Schneider Electric Rolls Out Data Center Power & Cooling in a Box

Schneider Electric Rolls Out Data Center Power & Cooling in a Box

At last week's Uptime Institute Symposium, Schneider Electric unveiled its newest data center innovation: modular power and cooling. Designed as a nearly plug-and-play solution to the rapidly expanding demand for enterprise data center compute power, Schneider says the modules can be designed and installed in a matter of weeks rather than months.

The new products are both the latest expansion of and an attempt to capitalize on the shift in corporate data centers away from unique, custom-built facilities and toward modular and containerized systems.

As more companies need more and larger data centers, simplifying the process of building, developing and then powering and cooling those facilities is a hot-button issue. And Schneider Electric believes the new modules will also be much cheaper to install.

"At the end of the day, if you compare a stick-built [or built-from-scratch] data center versus a modular data center, we think this will be 10 to 20 lower in cost," Kevin Brown, Schneider Electric's Vice President of Data Center Global Offer and Strategy, explained at the Uptime Symposium last week. "And we think that's a pretty conservative analysis."

Figure 1The core of Schneider's new power and cooling architecture is modular, container-like structures that take up the same amount of area as four parking-lot spaces and can scale in increments of 500 kilowatts to match current and future data center demands.

There are two cooling modules and one power module in the company's latest offering. EcoBreeze is a chilled-air cooling module that implements adaptable cooling based on environmental conditions; the system can detect conditions and automatically select either indirect evaporative cooling or air-to-air heat exchange. The company has also created a Chilled Water Cooling Module, which consists of six modular, highly efficient chillers, two economizers and a fully integrated pump house.

The power module in the new solution puts APC -- a division of Schneider Electric -- hardware to work in the UPS, cooling and security and environmental management systems.

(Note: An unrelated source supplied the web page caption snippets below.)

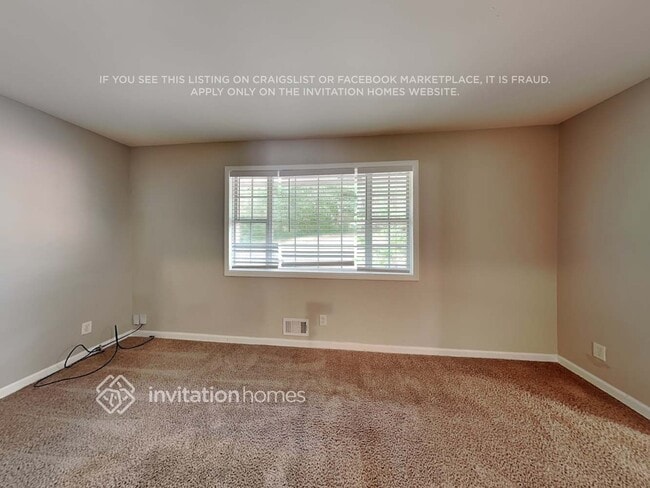 Building Photo - 2813 Rainbow Forest Dr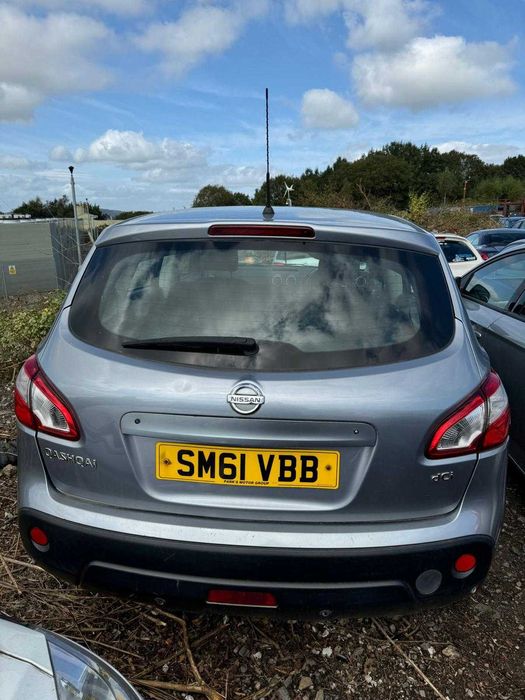 Dezmembrez Nissan Qashqai 1.5 DCi an 2012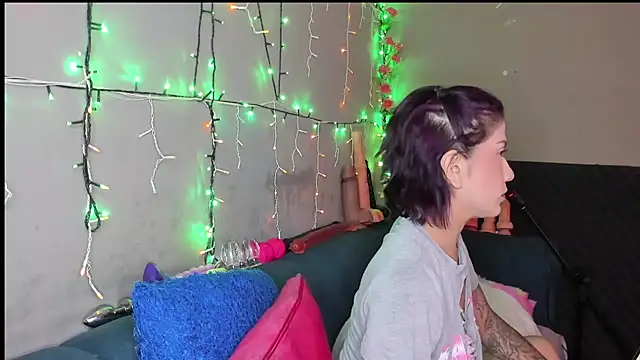 Shadia Squirt online show from October 5, 2025, 4:33 am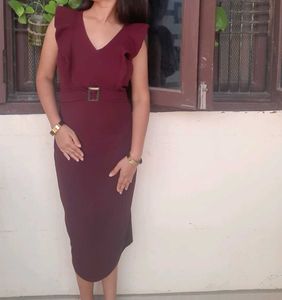 Maroon V-Neck Ruffle Belted Dress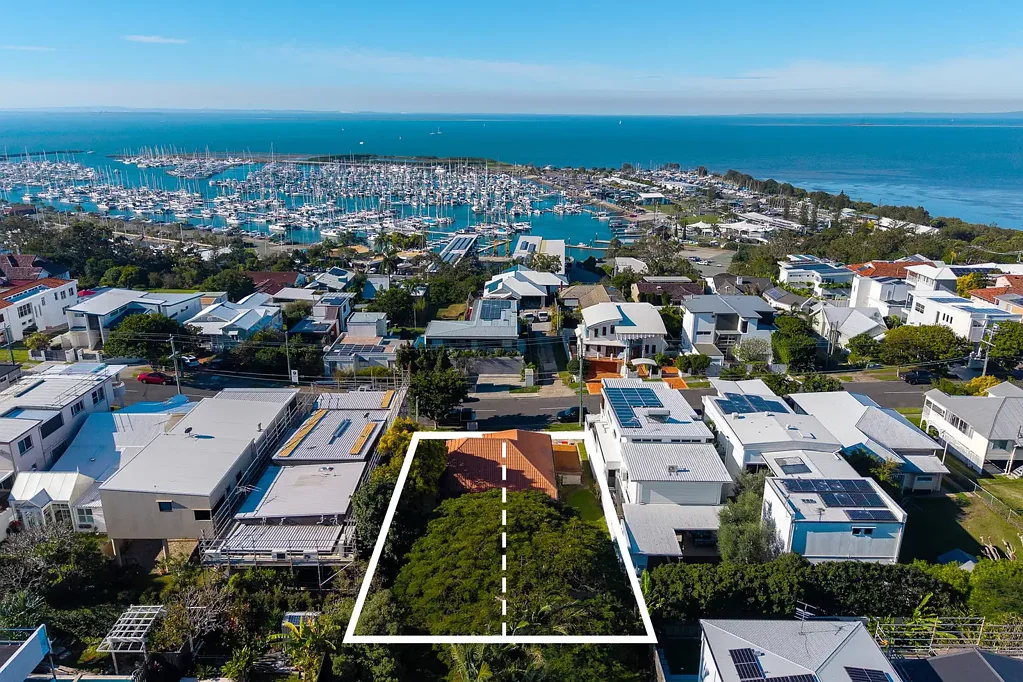 Manly 3房 Manly海湾瑰宝 810㎡双地块 高端奢居潜力 步行滨水生活 顶级地段视野 Double Lot Waterview Opportunity.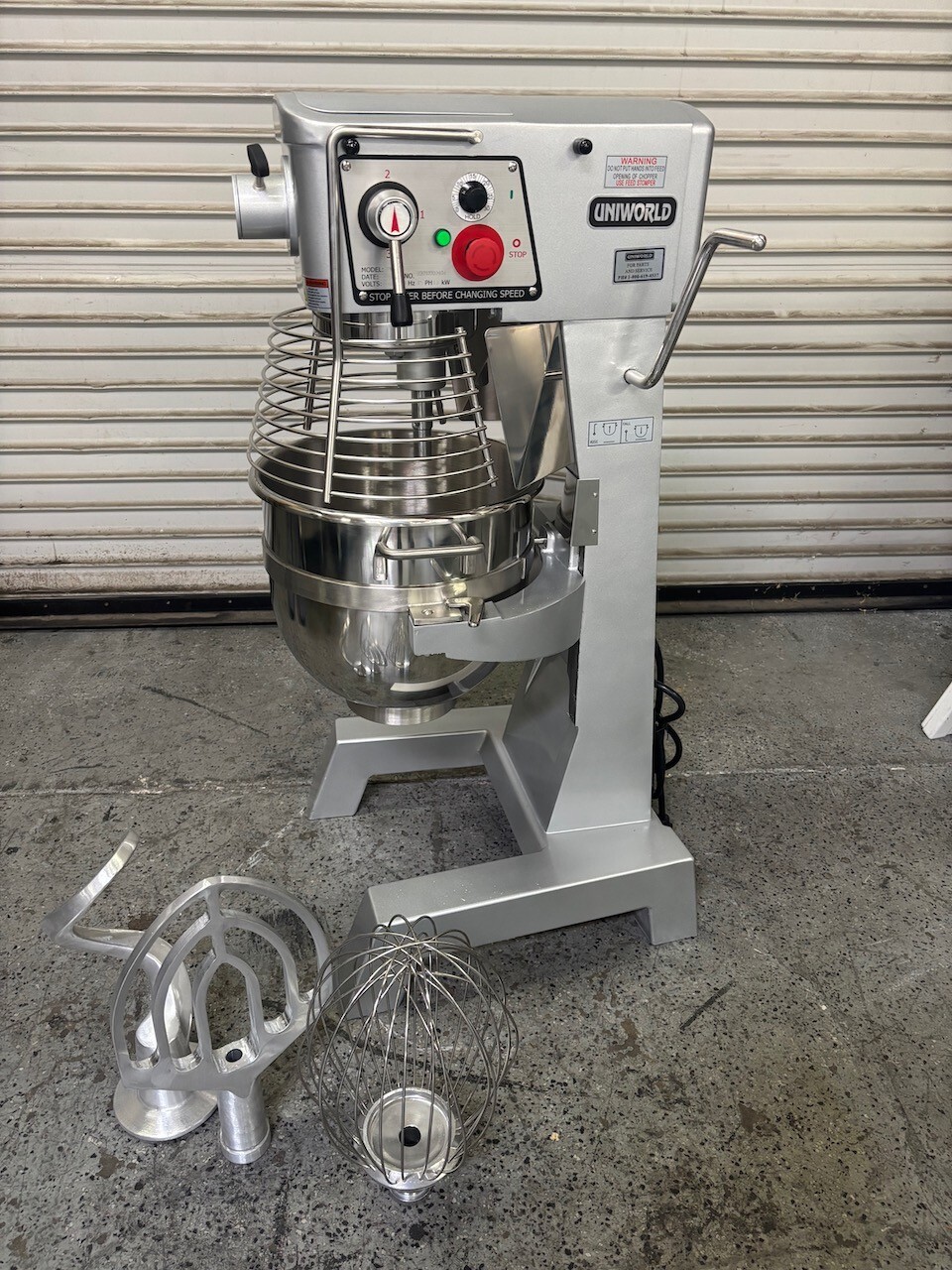 30 Quart Mixer UNIWORLD UPM-30ET w/ Accessories & Timer Qt Dough 2 HP 115V 3842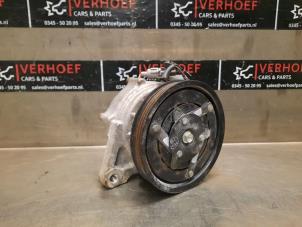 Gebruikte Waterpomp Toyota Hilux V/VI 2.4 D4D-F 16V 4x4 Prijs € 211,75 Inclusief btw aangeboden door Verhoef Cars & Parts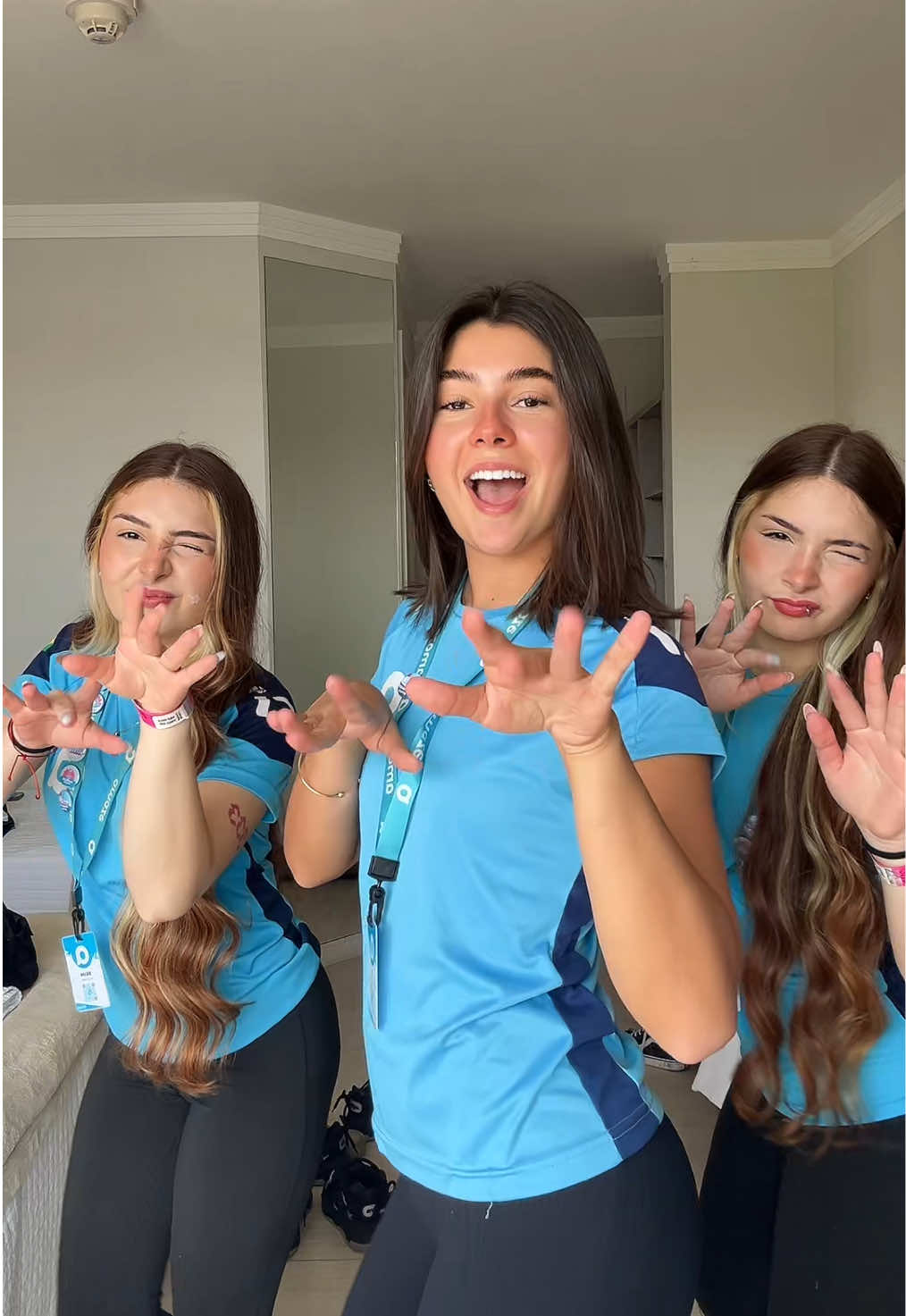 precisava fazer essa com elas @𝘽𝙚𝙪𝙢 𝙚 𝘽𝙚𝙙𝙤𝙞𝙨 #FloripaComAmaze #MonitoriaAmaze #Formatura @Amaze Travel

The power module also includes Square D switchboards -- from another recent Schneider Electric acquisition -- to provide environmental and climate monitoring and management as well as real-time measurements for reporting needs.

Among the benefits of modular power and cooling technologies that Schneider Electric highlights in a new white paper [PDF] include the on-demand nature of modular IT systems: Rather than build a compute facility to meet the expected IT demand for 10-12 years in the future, modular facilities can expand as needed, saving significantly on up-front capital expenditures.

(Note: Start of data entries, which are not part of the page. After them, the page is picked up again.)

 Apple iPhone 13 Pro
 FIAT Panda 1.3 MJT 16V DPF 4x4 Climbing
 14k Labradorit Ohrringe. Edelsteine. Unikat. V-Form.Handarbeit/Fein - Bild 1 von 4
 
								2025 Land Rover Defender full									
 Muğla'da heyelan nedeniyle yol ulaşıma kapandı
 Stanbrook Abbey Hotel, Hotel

The predictability of performance of modular systems also works in Schneider's favor: Rather than have to learn the intricacies of each custom-built facility, technicians from Schneider Electric's operations teams can go into a modular facility and know almost immediately how to upgrade, expand or repair any element.

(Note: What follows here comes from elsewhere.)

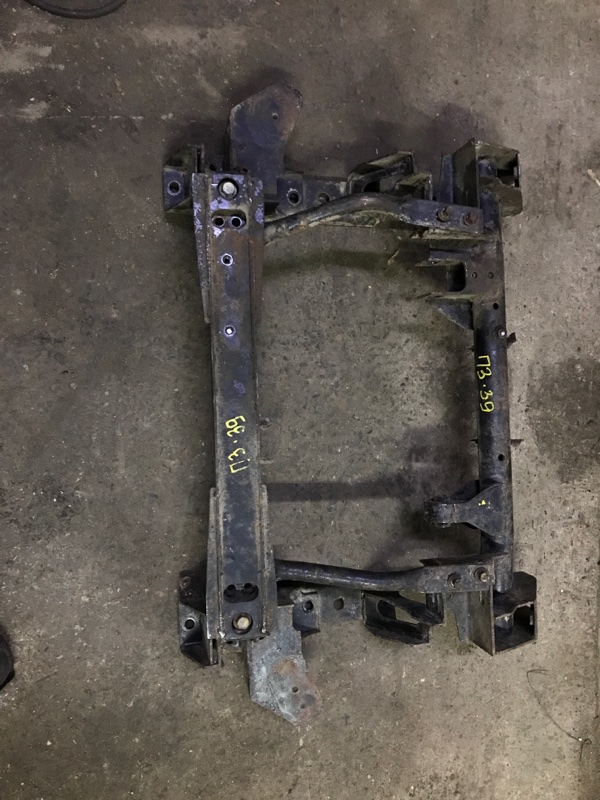 Балка поперечная Nissan Atlas P8F23 TD27 перед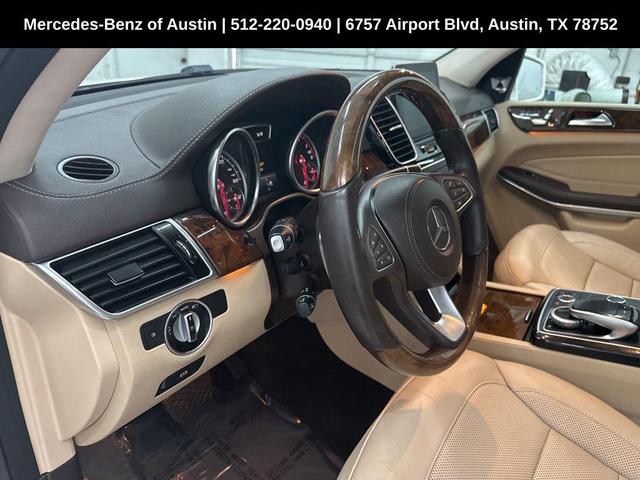 Photo of 2017 White Mercedes-Benz GLS 550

Modular systems also can be built to optimize efficiency, something that Schneider Electric has incorporated into its new modular offerings. Dennis Bouley, a senior research analyst at Schneider and the author of the white paper on the containerized solutions, writes:

Cooling system controls within a traditional data center are comparable to a sizeable orchestra where all the “players” have to be highly coordinated to produce quality music. The facility module, on the other hand, can be compared to a simple quartet; the number of components that need controlling are fewer and the integration (the proper adjustment of settings based on cause / effect relationships) is performed ahead of time, so that the container “behaves” in an efficient manner once under operation.

All told, Schneider's modular power and cooling solution marks the next iteration of data centers, a trend that has been years in the making as all the major players -- Microsoft, HP, Cisco and IBM among them -- have developed modular solutions.

At last week's Symposium, George Slessmann, the CEO of i/o, talked about the end of "snowflake" data centers -- unique, custom-designed facilities that are "too expensive and take too long to deliver to meet the demands" of the current revolution in data center demand. And as more companies follow Schneider Electric into the modular market, that evolution will only continue to pick up speed.